Saturday, December 02, 2017

Josephine Anne and Mustard Seeds

A pint-sized woman with a big heart for the country. This is how friends and family have described Josephine Anne Lapira. Her description reminds me of the mustard seed in Jesus’s parables. It is the smallest of seeds which becomes the greatest of all shrubs, putting forth large branches, so that the birds of the air can make nests in its shade.

Pliny the Elder, in his Natural History, wrote that “mustard grows entirely wild, and when it is sown, it is scarcely possible to get the place free of it, as the seed when it falls germinates at once.”

John Dominic Crossan tells us that the mustard in the parable was a wild weed shrub that grew to about five feet. Even in their domesticated form they were a lot to handle. Mustard in a well-kept garden not only spread beyond expectations but also attracted birds of all forms thus disturbing the made-up balance of a well-manicured garden, with the birds’ unpredictable feeding habits, and worse, their droppings.

Gardeners, of course, did not want weeds in their gardens. They did not want wild mustard at all cost. They spend time creating the perfect balance in their gardens: putting in the best, throwing out the worst. A well-manicured garden has no room for wild mustard, so they cut mustard young and at the roots. The mustard weed though have a way of coming back.

They always do.

Jesus likens the reign of God to a weed. It grows where it is not wanted and eventually takes over the place. All wild mustard have to be cut down lest they disturb the domesticity of the gardens tended by the rich, the powerful, and the religious elite.

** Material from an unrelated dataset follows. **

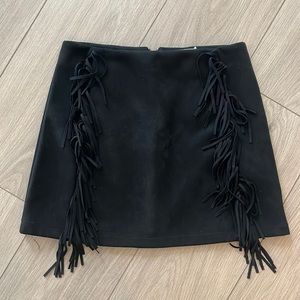 NWOT Chelsea & Violet black suede small fringe skirt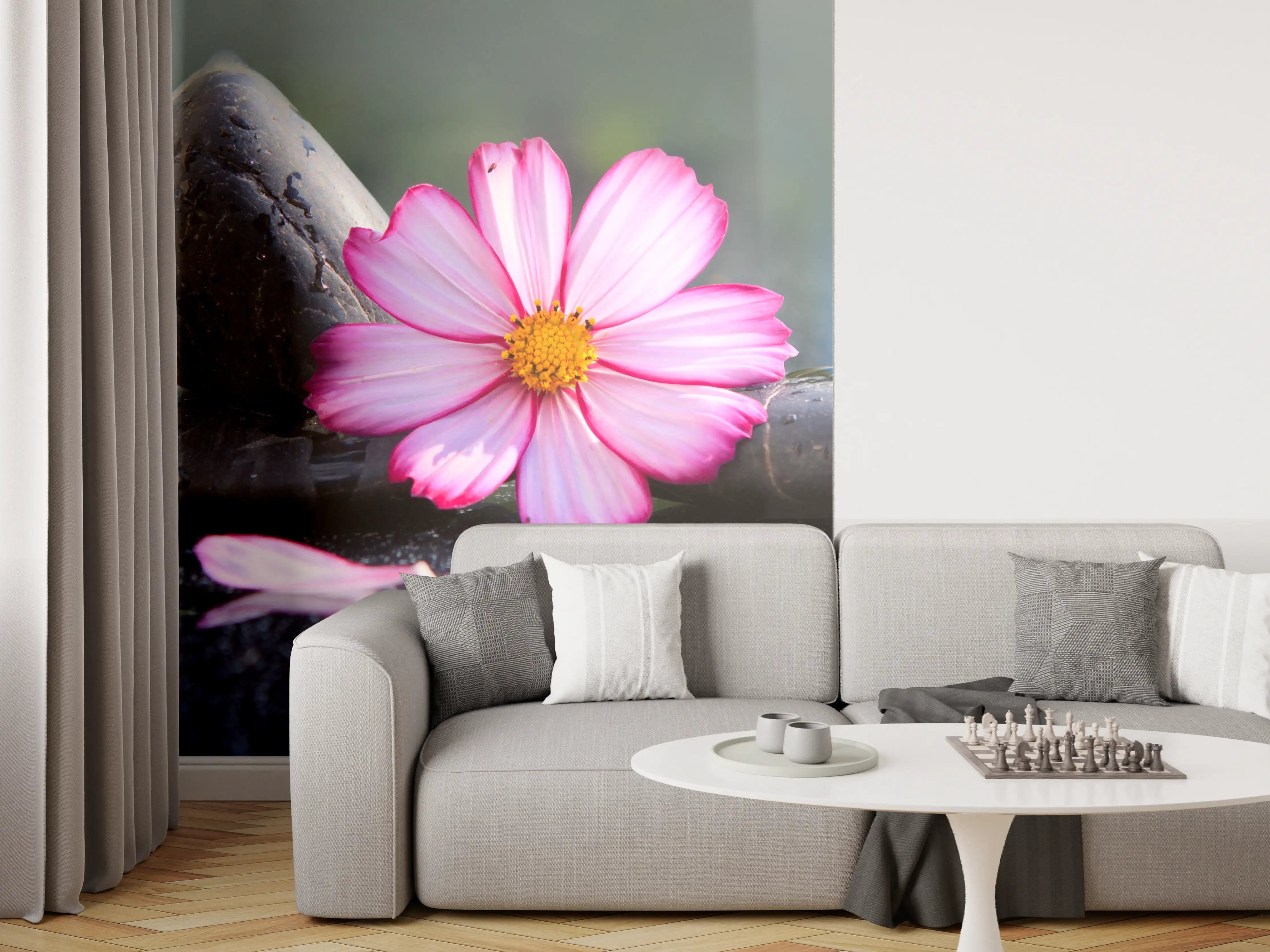 Wandverkleidung Wohnzimmer - Harmonie aus Steinen und Blume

But wild weeds have a way of coming back. When you least expect them. Ask any gardener. You can never completely eradicate wild weeds like mustard. They have a way of sprouting in places where they disturb, disrupt, and dismantle well-manicured gardens.

They always do!

What gardeners never understand is this: for every mustard they cut down.  Ten will take its place. For every ten, one hundred. For every hundred, a thousand.

Josephine Anne and everyone like her will rise again. They always do.



No comments:

GOD IS A FARMER

  More often than not, we read this passage like we do the Parable of the Sower. We ask, "What kind of soil are we?" We want to be...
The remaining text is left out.